A second issue relates to the biologic basis for our observations. It is possible that the adverse impact of 2.0-cm tumours compared with smaller ones relates to the relative proportions of one or more adverse prognostic factors in the various subgroups at various times after diagnosis. The data are consistent with a prognostic factor that has a negative impact on survival for 3 years only and that is more common in cancers of 2.0 cm than in larger cancers. For example, the adverse prognosis associated with triple negativity is concentrated in years 0–5; thereafter, recurrence rates are similar to or less than those of er-positive cancers8. Our study merged all patients with triple-negative breast cancer because we lacked data on other relevant markers such as epidermal growth factor receptor and cytokeratins 5 and 6. It is possible that, within the triple-negative phenotype, certain subgroups have different patterns of mortality. The expectation is that, if a prognostic factor increases mortality, the proportion of cases positive for that factor decline with time from diagnosis. Positive nodal status had an adverse effect on survival at all time points (Table ii), and the fraction of node-positive cancers declines with time elapsed (Figure 8). At diagnosis, er-positivity is a good prognostic feature, but it adversely affects outcomes later on9. That attenuation is evident in Table ii. As predicted, the prevalence of er-positive cancers rose from year 1 to year 5 and then declined from year 5 to year 10 (Figure 9).
FIGURE 8.
Proportion of node-positive subjects, by years elapsed since diagnosis.
FIGURE 9.
Proportion of estrogen receptor (er)–positive subjects, by years elapsed since diagnosis.
These observations also raise interesting questions about the nature of breast cancer progression. According to the basic model, patients who die of breast cancer are among those in whom latent metastases (residual disease), present after breast surgery completion, fail to be subsequently eradicated by adjuvant chemotherapy. In its simplest form, the model predicts that the probability of death is proportional to the probability that viable residual metastases are present after treatment. If in-breast tumour size alone were an indicator of the probability that latent metastases are present, then the curves in Figure 2 would be expected to be parallel. The data suggest that the model is more complex—that is, that the initial measured size of the tumour influences survival in other ways. For example, it might correlate with the intrinsic metastatic growth rate. The probability of dying in a given time interval after diagnosis is a reflection of the extent of viable residual disease, the time to distant recurrence (growth rate), and the time from distant recurrence to death. In support of this proposition is the observation that the time from diagnosis to local recurrence is highly correlated with the time from recurrence to death10.

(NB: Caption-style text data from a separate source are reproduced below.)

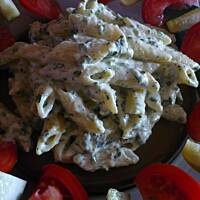 Penne w  śmietanie z gorgonzolą i szpinakiem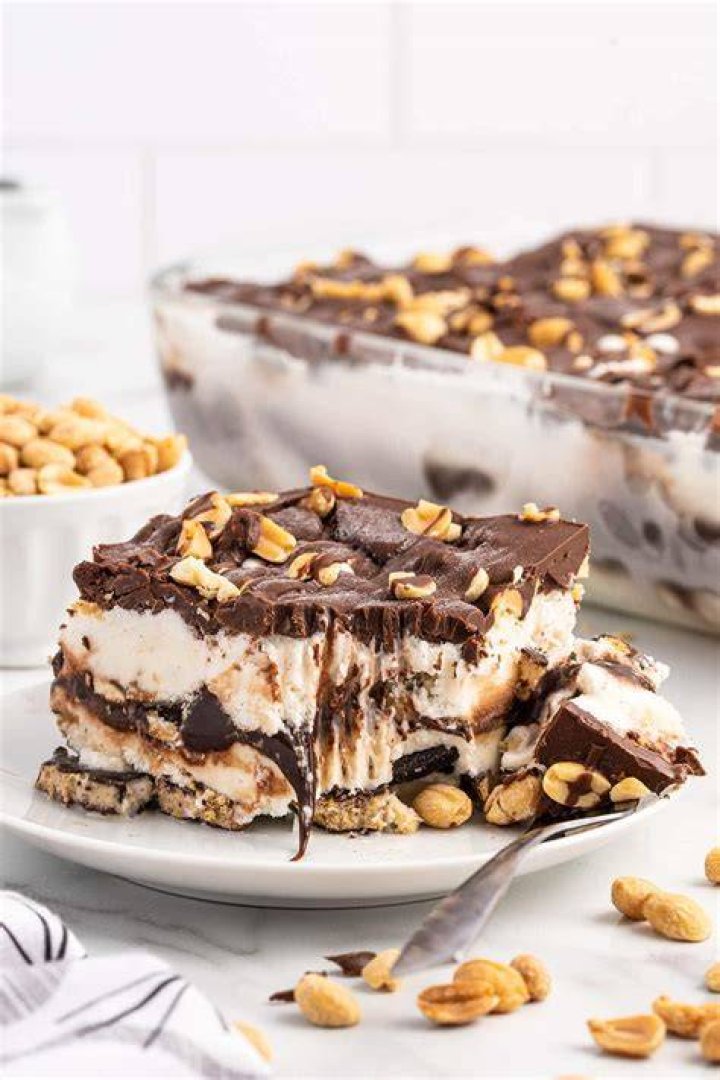 What is in a peanut butter bash?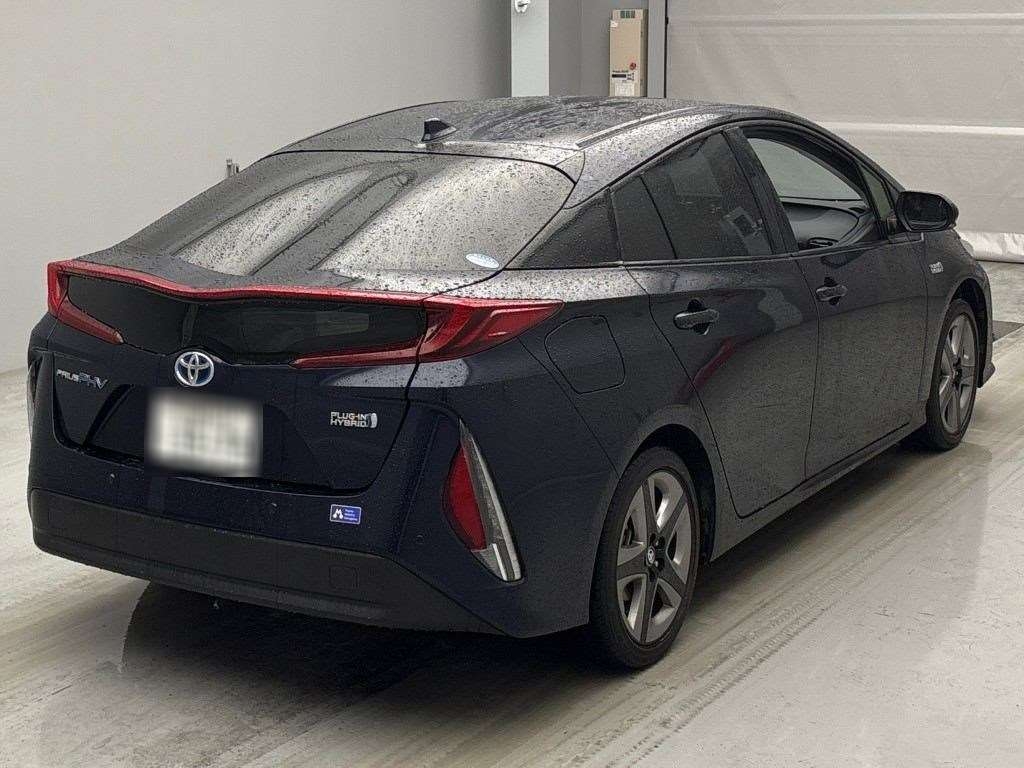 TOYOTA PRIUS PHV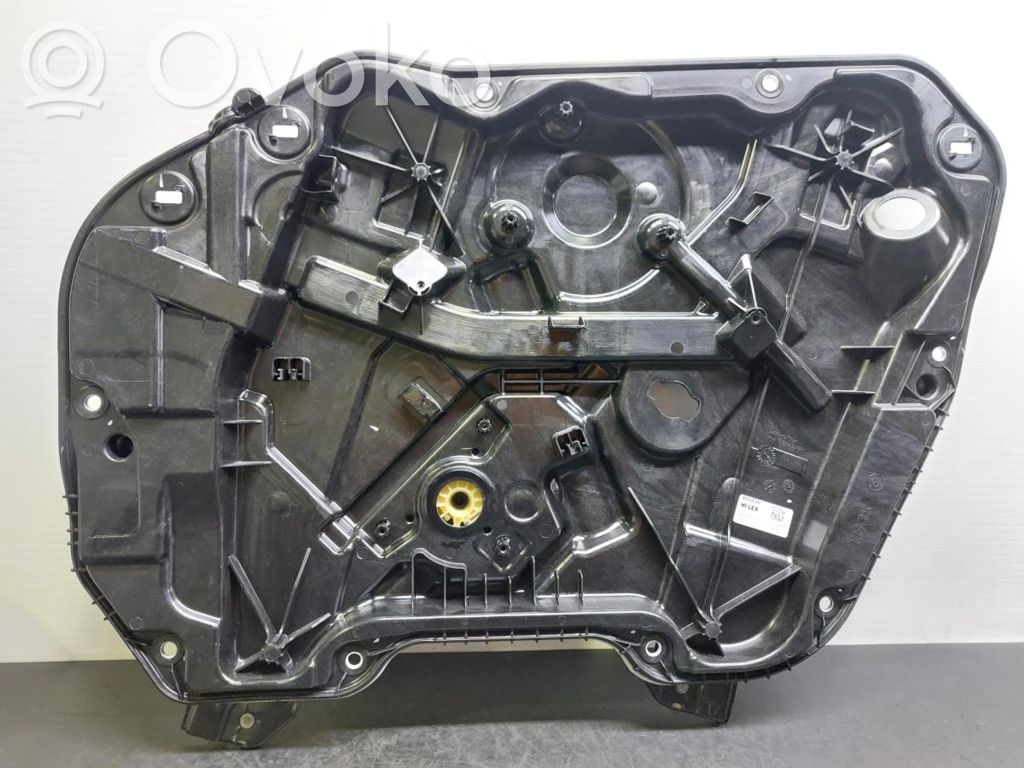 BMW 1 F40 Fensterhebermechanismus ohne Motor Tür vorne 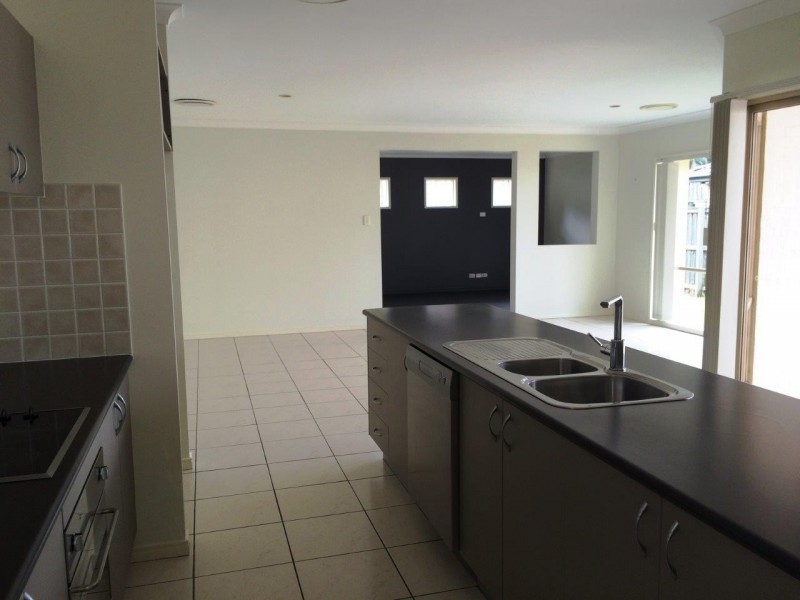 3 Lotus Close, Thornlands QLD 4164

Here, we focus on tumour size, albeit within a narrow clinical range, and we extend the findings of others that the statistical effect of tumour size on cancer recurrence is contingent on the presence or absence of other relevant prognostic features. In the past decade, several studies of gene expression profiles have improved our ability to predict distant relapse and death, but even when expression profiles are included, tumour size retains its independent predictive ability11,12. The relationship is attenuated for triple-negative cancers13,14 and for BRCA1-associated breast cancers15. Furthermore, tumour size may influence survival differently according to lymph node status, but that contingency may not be fully captured if nodal status is dichotomized. Among node-positive patients, 5-year survival was seen to be similar for the 2.0-cm tumours and the tumours of 2.1–3.0 cm. In a recent article, Wo et al.16 report that, among women with 4 or more positive nodes, those with very small breast cancers had a much worse prognosis than would have been predicted from the size of their tumours. Similarly, very large tumours that are node-negative may be represent a biologically indolent phenotype17.
5. CONCLUSIONS
We found that the survival experience of women with a 2.0-cm breast cancer tumour was similar to that of women with larger cancers for 3 years and that their survival then tracked that of women with smaller cancers from year 3 to year 10. That observation raises interesting questions about the biologic underpinnings of the dynamic nature of prognostic factors over time.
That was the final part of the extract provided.